We cannot do our job if we do not have the resources. Changes to the law could put pressure on the crisis services at a number of points, and I can expand on this if the Committee wishes. For example, there is the suggestion of changing the length of time to 24 hours. In principle that is an excellent idea. We want to reduce the time that people are subject to detention, particularly when that has been prompted by someone who is not a mental health professional. I think that 24 hours is a realistic timeframe in which to do that if the resources are in place. Generally, the areas that keep figures will tend to be the good areas. However, it is possible to meet people’s needs within a relatively short period of time, and do the assessment within several hours of presentation. That is perhaps not within the three hours that the college would set as the gold standard, but it is certainly within that longer period. It does become a problem if someone is intoxicated, or if they come in overnight when resources are less available and that gets passed on to the daytime services. There may be a knock-on effect.
The main problem that I see with the laudable aim of reducing the time for which people are subject to detention is when we come to the very small group of people who are subject to section 136 who need to be detained in hospital. As you have probably heard, approximately 20% of people need to come into hospital, and some of them will need to be detained under the Mental Health Act. If we cannot identify a bed for a person to go to, we might very quickly run up against this 24-hour time period. Then we—the AMHP, the approved mental health professional—are left in the most appalling situation. It is the job of the AMHP to make the recommendation for admission to hospital based on two medical recommendations. We have to say which hospital and which bed that person is going to. If we cannot identify that, then after 24 hours we will be in a position of acting unlawfully, because we have no way of detaining the person. I note that the Bill as it is currently written suggests that someone could be detained on clinical grounds. There is a lack of clarity around on what grounds we could extend.
I want to flag up to you the very important point that we may be in a situation where we cannot find a bed. That is not just me shroud-waving. The Committee will be aware that the Lord Crisp commission has highlighted the appalling situation where we are struggling to find beds. On occasions, we have to send people away, usually to independent hospitals. I will say a word about the difficulties there. Something like 500 people in a month have to travel more than 50 km to find a bed.
It sounds easy, “Let’s just find a bed in an independent hospital. Why wouldn’t they want to take somebody?” My team is in this position several times a month, where we will phone around several hospitals looking for a bed. Perhaps this sounds ungenerous, but sometimes it feels that if you have a choice you can cherry-pick the kind of patients you want to take. Often we think we are offered a bed, then we send the details and it is turned down. I am really concerned. Although I welcome it in principle, I just want to flag up the important resource issues that we might come up against with the 24-hour period.
Q Mr Kevan Jones:
Like you, I welcome the broad provision that has been put in place but I have this concern. What will happen is that people will not be taken to a police cell—which is what we are trying to avoid—but will likely be kept at home because that is now deemed as a place of safety.
Without statistics being published, we will see the number of people being referred to police stations going down, but we will not know what has happened to them. Do you think there should be in the Bill an onus on a local force to keep statistics of what happens to people under sections 135 and 136? Otherwise, we could get a situation whereby the problem just gets masked rather than solved.

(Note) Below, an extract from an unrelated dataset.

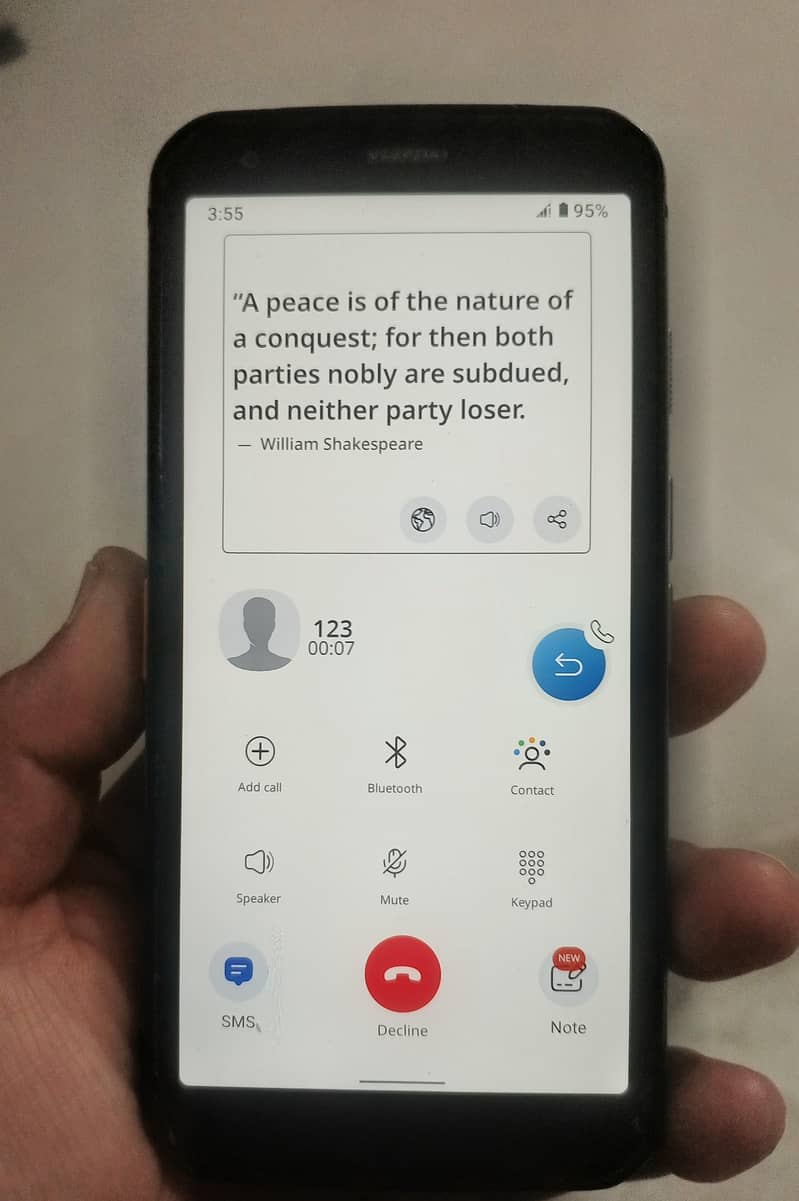 CAT S62 5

Dr Chalmers: Your point is very well made. As early as 2011, the inter-agency group made a plea for good statistics. If you do not know what is happening we cannot track it.

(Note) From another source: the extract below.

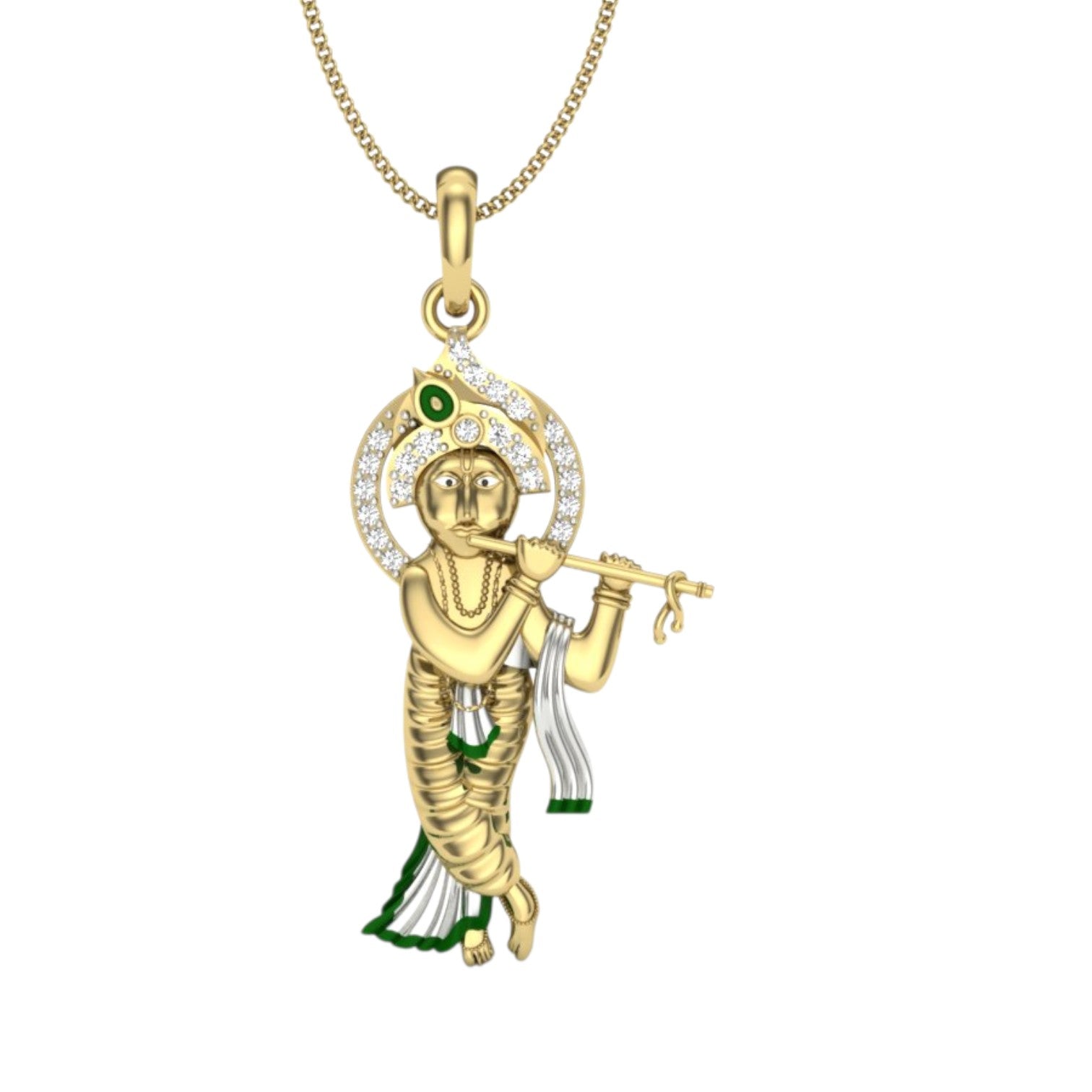 Sterling Silver Pendant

If I could just take you back. I think we need to distinguish section 135 from section 136. Section 136 will never occur in a person’s home. What I think the Bill seeks to address is the lack of clarity about whether you could undertake the assessment in the patient’s home when you had entered with a warrant. It is the police who will administer, if you like, the warrant. They will act on the warrant accompanied by the AMHP and a doctor.
Up to now it has been unclear whether you could stay in that person’s home to undertake the assessment, or whether the Mental Health Act as written required you to remove a person to a place of safety. I have done many assessments in a person’s home, and I think that is probably better than removing them, particularly if it is not clear that you will actually detain somebody in hospital. It is important to clarify that.
Your point about data is particularly pertinent to section 135, where those are not collected nationally. Of course, there are two 135 warrants. There is the one to enter a person’s home to remove to a place of safety, and one to return them to hospital. We do need those data .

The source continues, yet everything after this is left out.